Описание к видео CECAN Webinar: The Human, Learning, Systems approach to managing in complexity

Presenter: Dr Toby Lowe, Senior Lecturer in Public Leadership and Management, Newcastle Business School

Webinar Overview:

The webinar views the challenge of creating complexity-informed evaluation by seeing it as a public management challenge. How can public management adopt a more complexity-informed approach? The session will outline an emerging complexity-informed approach to public management: the Human, Learning, Systems (HLS) approach. The HLS approach involves public services responding to the variety of human need through bespoke service provision, using learning as the engine for performance improvement and stewarding the health of the systems which produce social outcomes.


Human

One of the three key tasks of managing work in an HLS way (including funding and commissioning of work) means creating the conditions in which people can build effective human relationships.

This means understanding human variety, using empathy to understand the lives of others, recognising people’s strengths, and trusting those who do the work. Variety, Empathy, Strengths and Trust (VEST).


Learning

In complex environments people are required to learn continuously in order to adapt to the dynamic, ever-changing nature of the work. In complex environments, there is no simple interventions which “works” to tackle a problem. “What works” is an on-going process of learning and adaptation.

It is the job of managers to enable staff to learn continuously as the tool for performance improvement. This means using measures to learn, not for reward/punishment. It means creating the conditions where people can be honest about their mistakes and uncertainties. It means creating reflective practice environments between and across peer groups.
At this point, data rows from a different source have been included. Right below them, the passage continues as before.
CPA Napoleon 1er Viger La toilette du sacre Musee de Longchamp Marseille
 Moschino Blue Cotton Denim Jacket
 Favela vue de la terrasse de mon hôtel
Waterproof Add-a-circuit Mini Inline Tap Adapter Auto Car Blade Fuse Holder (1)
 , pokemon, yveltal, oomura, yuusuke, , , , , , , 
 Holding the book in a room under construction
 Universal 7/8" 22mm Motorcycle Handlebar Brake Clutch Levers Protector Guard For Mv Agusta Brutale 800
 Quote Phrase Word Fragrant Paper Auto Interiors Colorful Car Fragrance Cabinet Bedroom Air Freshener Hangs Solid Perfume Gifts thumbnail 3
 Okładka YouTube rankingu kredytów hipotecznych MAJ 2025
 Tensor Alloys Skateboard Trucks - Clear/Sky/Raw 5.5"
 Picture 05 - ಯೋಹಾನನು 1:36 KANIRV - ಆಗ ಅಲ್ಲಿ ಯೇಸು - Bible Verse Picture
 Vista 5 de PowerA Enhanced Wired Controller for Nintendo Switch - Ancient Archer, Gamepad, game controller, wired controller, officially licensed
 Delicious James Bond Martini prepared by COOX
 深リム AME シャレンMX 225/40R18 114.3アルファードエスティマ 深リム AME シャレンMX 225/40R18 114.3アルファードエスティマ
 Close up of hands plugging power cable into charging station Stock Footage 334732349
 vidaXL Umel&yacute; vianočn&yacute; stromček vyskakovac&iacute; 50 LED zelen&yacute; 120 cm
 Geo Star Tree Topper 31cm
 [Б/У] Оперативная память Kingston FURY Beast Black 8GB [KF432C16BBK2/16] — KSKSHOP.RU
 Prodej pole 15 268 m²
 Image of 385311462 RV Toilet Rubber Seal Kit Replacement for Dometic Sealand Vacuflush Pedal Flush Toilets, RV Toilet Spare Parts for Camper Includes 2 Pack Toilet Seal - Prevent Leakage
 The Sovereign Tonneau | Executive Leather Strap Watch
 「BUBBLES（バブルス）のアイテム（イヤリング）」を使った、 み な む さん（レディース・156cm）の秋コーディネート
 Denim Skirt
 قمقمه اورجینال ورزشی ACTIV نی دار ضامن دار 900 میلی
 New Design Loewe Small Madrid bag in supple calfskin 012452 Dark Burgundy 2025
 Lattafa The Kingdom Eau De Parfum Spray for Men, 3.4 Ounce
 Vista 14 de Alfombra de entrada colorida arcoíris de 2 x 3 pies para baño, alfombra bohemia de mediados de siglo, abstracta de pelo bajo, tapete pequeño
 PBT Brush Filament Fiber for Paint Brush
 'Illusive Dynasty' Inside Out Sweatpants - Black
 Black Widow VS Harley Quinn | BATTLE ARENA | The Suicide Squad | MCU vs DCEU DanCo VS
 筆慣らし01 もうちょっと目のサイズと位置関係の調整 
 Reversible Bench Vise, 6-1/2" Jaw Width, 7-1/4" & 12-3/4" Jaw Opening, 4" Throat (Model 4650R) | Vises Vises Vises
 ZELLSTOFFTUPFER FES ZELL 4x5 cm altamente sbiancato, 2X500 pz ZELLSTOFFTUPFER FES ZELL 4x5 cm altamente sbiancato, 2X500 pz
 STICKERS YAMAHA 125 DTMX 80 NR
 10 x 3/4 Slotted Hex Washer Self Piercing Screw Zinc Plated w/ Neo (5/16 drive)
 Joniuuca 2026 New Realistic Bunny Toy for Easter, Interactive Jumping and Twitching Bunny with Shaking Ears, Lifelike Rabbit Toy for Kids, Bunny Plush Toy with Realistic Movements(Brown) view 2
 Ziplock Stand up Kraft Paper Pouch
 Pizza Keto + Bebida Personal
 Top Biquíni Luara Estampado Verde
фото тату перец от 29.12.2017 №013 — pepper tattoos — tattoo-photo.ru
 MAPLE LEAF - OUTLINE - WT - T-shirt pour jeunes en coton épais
This requires funders/commissioners to fund for learning and adaptation, not for “results”.



Systems

The outcomes we care about are not delivered by organisations. They are produced by whole systems – by hundreds of different factors working together. The final job of managers is therefore to act as Systems Stewards – to enable actors in the system to co-ordinate and collaborate effectively - because that it was will enable positive outcomes to emerge.